Olahraga Editor : Ivan Aditya Kamis, 04 Oktober 2018 / 15:30 WIB

Stadion Tridadi, Markas Angker Bagi Lawan-lawan PSS

STADION Tridadi pernah membuat ciut nyali tim sepak bola yang bakal berhadapan dengan PSS Sleman di lapangan hijau. Tampat ini cukup angker bagi tim-tim lawan, konon PSS akan sulit ditaklukkan jika sudah bermain di tempat ini. Kini tim kebanggan masyarakat Sleman sudah tak lagi menjadikan Tridadi sebagai home base, namun kebesaran nama stadion ini tak akan terlupakan.

Stadion Tridadi merupakan saksi bisu perjalanan PSS Sleman dari liga amatir hingga professional. Nama-nama legenda PSS seperti Muhammad Iksan, Seto Nurdiantoro, Basuki pernah merasakan atmosfer kekuatan Tridadi berikut dukungan suporter fanatik yang selalu mengelu-elukan nama mereka saat berlaga.

Stadion yang terletak di lingkungan perkantoran Pemkab Sleman ini diresmikan oleh Sri Sultan HB X pada tanggal 5 Februari 1995. Saat itu pembangunan Stadion dilakukan era kepemimpinan Bupati Arfin Ilyas.

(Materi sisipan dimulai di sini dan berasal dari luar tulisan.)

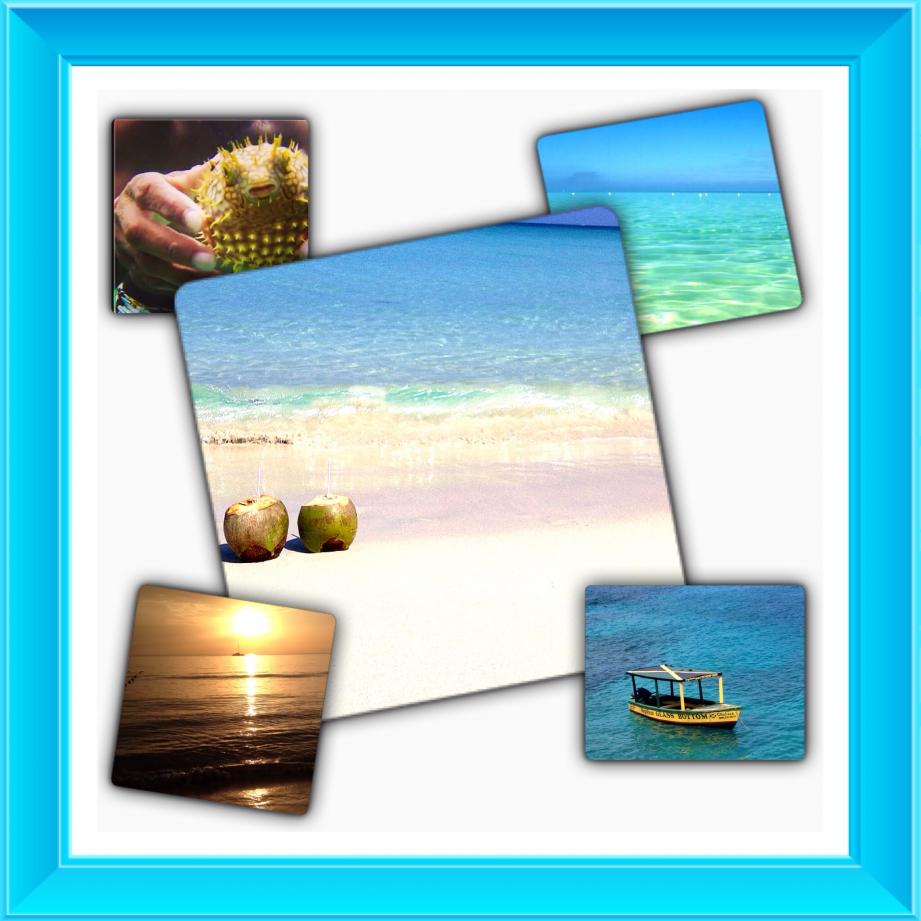 Name:  image.jpg
Views: 523
Size:  86.0 KB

Menurut Sumadi yang merupakan salah satu pengelola UPT Maguwoharjo, dulu tanah yang dimana Stadion Tridadi ini berdiri merupakan hasil menyewa dari tanah kas desa yang dilakukan oleh pemkab setempat. Seiring perjalanannya Tridadi kemudian dikelola oleh pengcab. “Sejak Oktober 2016 Stadion Tridadi ini dikelola oleh UPT Maguwoharjo,”ungkapnya kepada KRJOGJA.com.

Tridadi memiliki kapasitas sekitar 12.000 penonton. Lambat laun Tridadi tidak mampu memenuhi kebutuhan persepakbolaan di Sleman, ditambah lagi setiap tahunnya ada regulasi PSSI yang cukup ketat bagi tim peserta liga.

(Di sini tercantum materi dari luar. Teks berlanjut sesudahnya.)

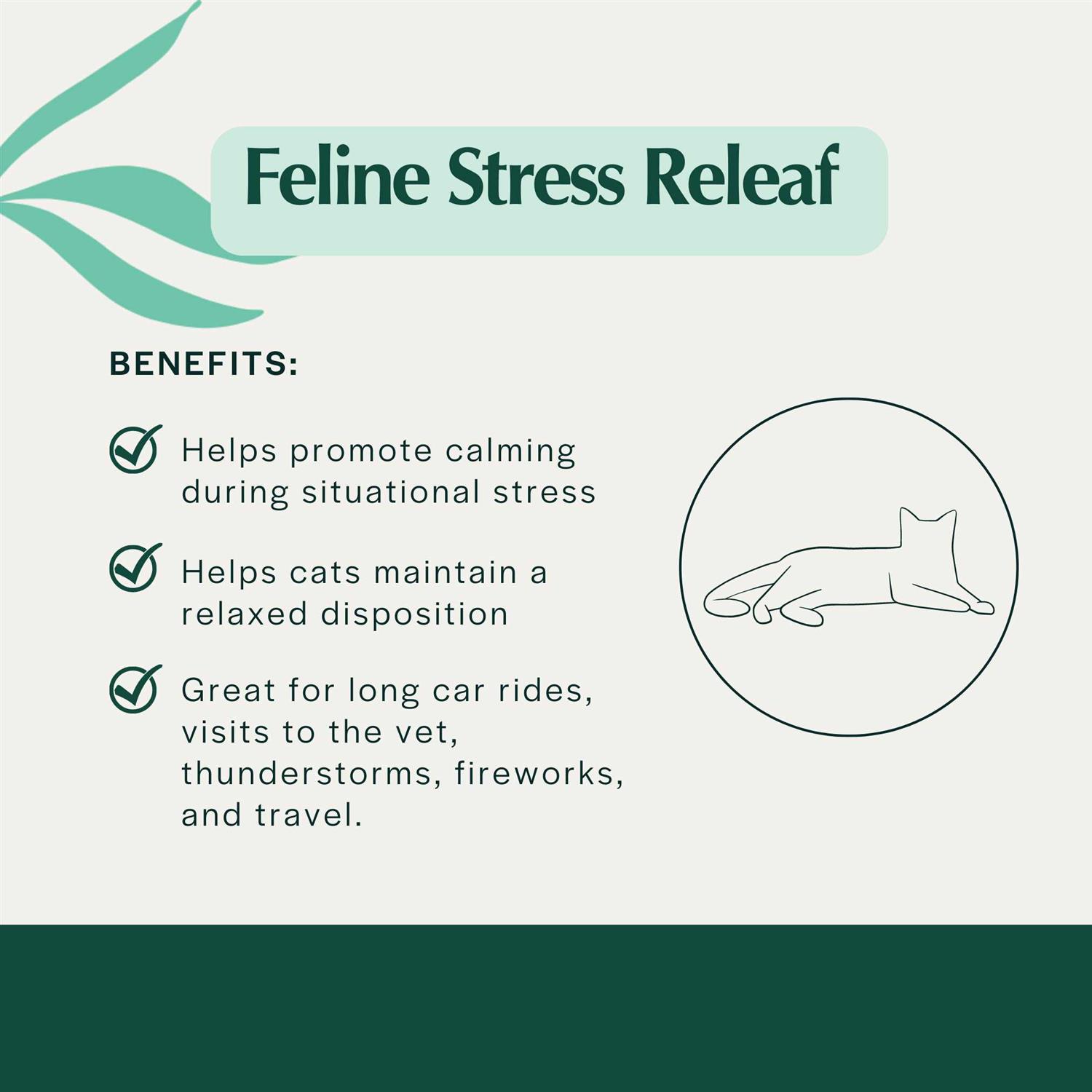 Pet Releaf Feline Stress Releaf Organic Oil for Cats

Perlahan Tridadi mulai ditinggalkan dan pada tahun 2004 dimulailah pembangunan stadion baru untuk PSS yang kini disebut Stadion Maguwoharjo. Pembangunan Stadion Maguwoharjo selesai dikerjakan pada tahun 2007 dan semenjak itu PSS berpindah markas dari Tridadi ke stadion bertaraf internasional tersebut.

Bomber PSS dekade tahun 2000, Muhammad Iksan mengaku memiliki cerita manis saat berlaga di Tridadi. Pada saat itu kejayaan PSS menggunakan Tridadi dimulai pada tahun kompetesi 1999 - 2000 yang mana pada tahun itu membuat PSS masuk divisi utama.

“Tridadi merupakan bagian sejarah dari kami kala itu. Pada tahun PSS keluar menjadi runner up dan saya menjadi top score,” kenang Muhammad Iksan.

Diungkapkan Muhammad Iksan, PSS akan sulit dikalahkan jika sudah bermain di Tridadi. Kekuatan para pemain dikatakannya menjadi berlipat ganda di Tridadi berkat dukungan para suporter rumput stadion yang telah mereka biasa mereka pijak.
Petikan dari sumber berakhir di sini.